The 11th annual convention of Al Sharpton’s National Action Network (NAN) will take place April 1-4 in New York City. Last year’s event in Memphis had heavy corporate sponsorship. Of course, a lot has changed since then. Sponsors like Citigroup, Chrysler and General Motors have gone broke, kept alive by billions in taxpayer funds.
Healthier 2008 sponsors include Abbott Laboratories, Allstate, American Honda, Anheuser-Busch (since acquired by InBev), Chase Foundation, Colgate-Palmolive, Continental Airlines, Entergy, FedEx, Ford, Home Depot, Johnson & Johnson, PepsiCo, Pfizer, UPS Foundation and Wal-Mart.
At the event, Colgate-Palmolive accepted a “corporate excellence” award, prompting NLPC to ask the company to give it back. In a letter to Reuben Mark, the company’s Chairman, NLPC President Peter Flaherty called the award “a dubious honor indeed.”
In an April 22 letter defending the award, Mark asserted that the NAN convention was “broadly attended by a number of elected officials and many current and past leaders of the U.S. civil rights movement.” The letter did not, however, mention Sharpton’s name once. (The conference program listed a session titled “The Future of Black Politics.” The sole participant was identified as indicted Rep. William Jefferson.)

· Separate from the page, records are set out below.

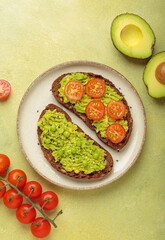 Two slices of whole rye bread are topped with mashed avocado, green peas, cherry tomatoes, and...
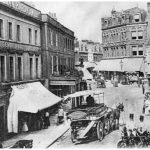 Shops with awnings and two storeys above them; horse drawn carts in street.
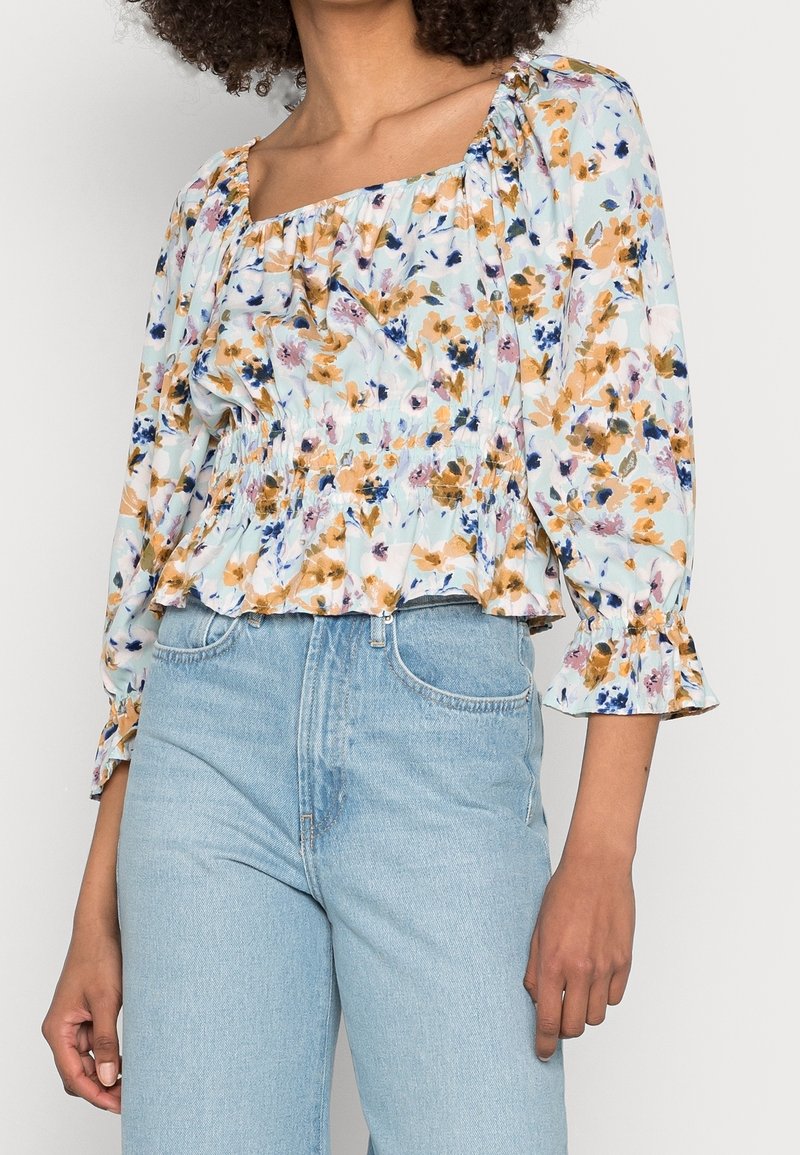 Blouse fleurie avec un fond bleu clair, ornée de fleurs orange et violettes, manches bouffantes et taille froncée. Associée à un jean en denim clair.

Flaherty pressed the issue at the Colgate-Palmolive annual meeting in New York City a few weeks later. He confronted Mark directly, “If Colgate is so proud of this award, why can’t you bring yourself to use Sharpton’s name?” Mark refused to answer, prompting Flaherty to taunt, “Why not, aren’t you the Chairman?”
CEO Ian Cook jumped in and said he would answer. After a long-winded nonresponse, Flaherty asked, “OK then, tell us how much shareholders’ money went to Sharpton?” Cook said it was a “modest” amount but refused to specify. Finally, after more prodding by Flaherty, Cook said it was $50,000.